Monsieur le Président,
Monsieur le Secrétaire général,
Mesdames, Messieurs,
Aux heures sombres du conflit le plus meurtrier de l'histoire, le Général de Gaulle évoquait, je le cite, "la nécessité de créer dans le monde un ordre susceptible de garantir la sécurité de chacun, de mettre rationnellement en œuvre les richesses de l'univers et de rapprocher entre eux tous les hommes de notre terre".
Le 26 juin 1945, à San Francisco, 800 délégués, parmi lesquels Louise Moreau, grande résistante et aujourd'hui députée au Parlement français, qui m'accompagne, assistaient à la signature de la Charte des Nations Unies.

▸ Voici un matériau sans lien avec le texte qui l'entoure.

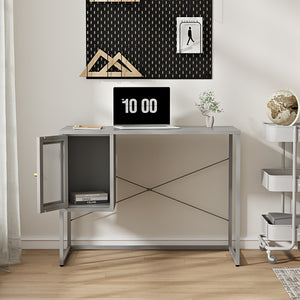 Biurko stalowe Sund 75x100x50 cm szare [en.casa]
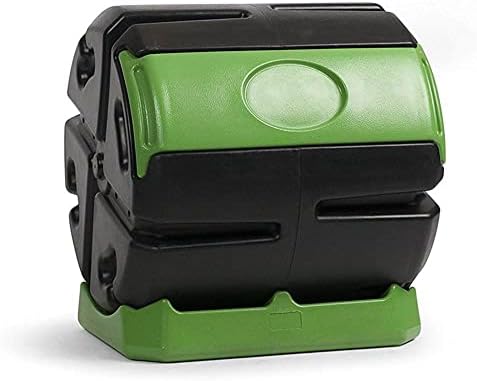 FCMP Outdoor HOTFROG Rolling Single Chamber Batch Tumbling Composter - Outdoor Rotating Garden Compost Bin (HF-RC4000WB) Black & Green (37-Gallon)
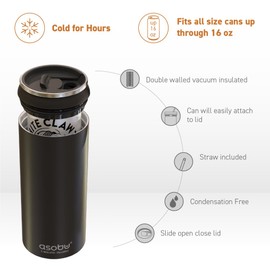 Asobu - Funda aislante para enfriador múltiple para latas delgadas y estándar, 12 onzas y 16 onzas, para seltzer, refrescos, cerveza o bebidas energéticas y todas las botellas de cerveza de tamaño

J'ai souhaité être présent, pour ce cinquantième anniversaire, à Genève, deuxième pôle de l'ONU et capitale du multilatéralisme. C'est dans cette ville francophone que s'incarnent le mieux les idéaux qui animaient la génération des fondateurs et qui inspirent plus que jamais la politique de la France.

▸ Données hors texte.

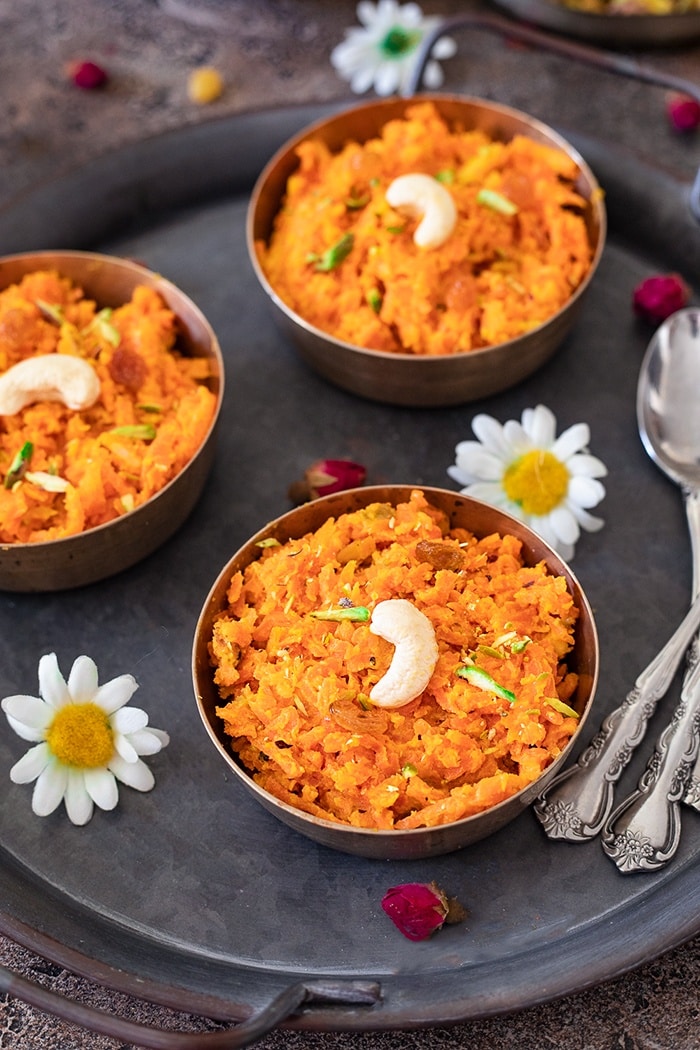 Carrot halwa in a bowl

Je veux rendre un hommage solennel et apporter un soutien sans réserve au haut commissaire, à la Commission et au Centre chargés des Droits de l'Homme. Cinquante ans après la victoire sur la barbarie et le racisme, il faut rappeler avec force que le principe de l'universalité des Droits de l'Homme, sur lequel repose l'existence même de notre Organisation, ne saurait être remis en cause au nom de spécificités religieuses, culturelles ou nationales.

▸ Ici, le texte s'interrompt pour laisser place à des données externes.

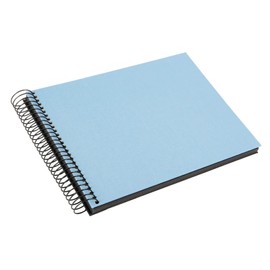 goldbuch Bella Vista 20 929 Spiral Album, Sky Blue, Linen Memory Album with Spiral Bound, Photo Album with 40 Black Pages, Photo Book for Gluing, Photo Album, Blue, Approx. 24 x 17 x 2.8 cm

Je veux saluer le travail admirable accompli, avec un dévouement inlassable, par les héros anonymes de l'action humanitaire, qu'ils agissent au nom du Haut Commissariat pour les réfugiés, du Comité international de la Croix-Rouge ou de l'une des nombreuses Organisations non-gouvernementales dont le siège est à Genève.
Je veux dire aussi le rôle essentiel, et qui devrait être davantage reconnu, de toutes les organisations techniques, de la météorologie aux télécommunications ou à la santé, qui ont contribué aux progrès décisifs dont bénéficient aujourd'hui des milliards d'hommes, de femmes et d'enfants.
Je veux rapprocher symboliquement, dans les vœux que je leur adresse, la plus ancienne des institutions, l'Organisation internationale du travail, chère à Abel Thomas et la plus jeune, l'Organisation mondiale du commerce : l'une et l'autre ont un rôle majeur à jouer dans une économie de plus en plus ouverte, en contribuant au respect des droits des travailleurs et à la libéralisation ordonnée des échanges mondiaux.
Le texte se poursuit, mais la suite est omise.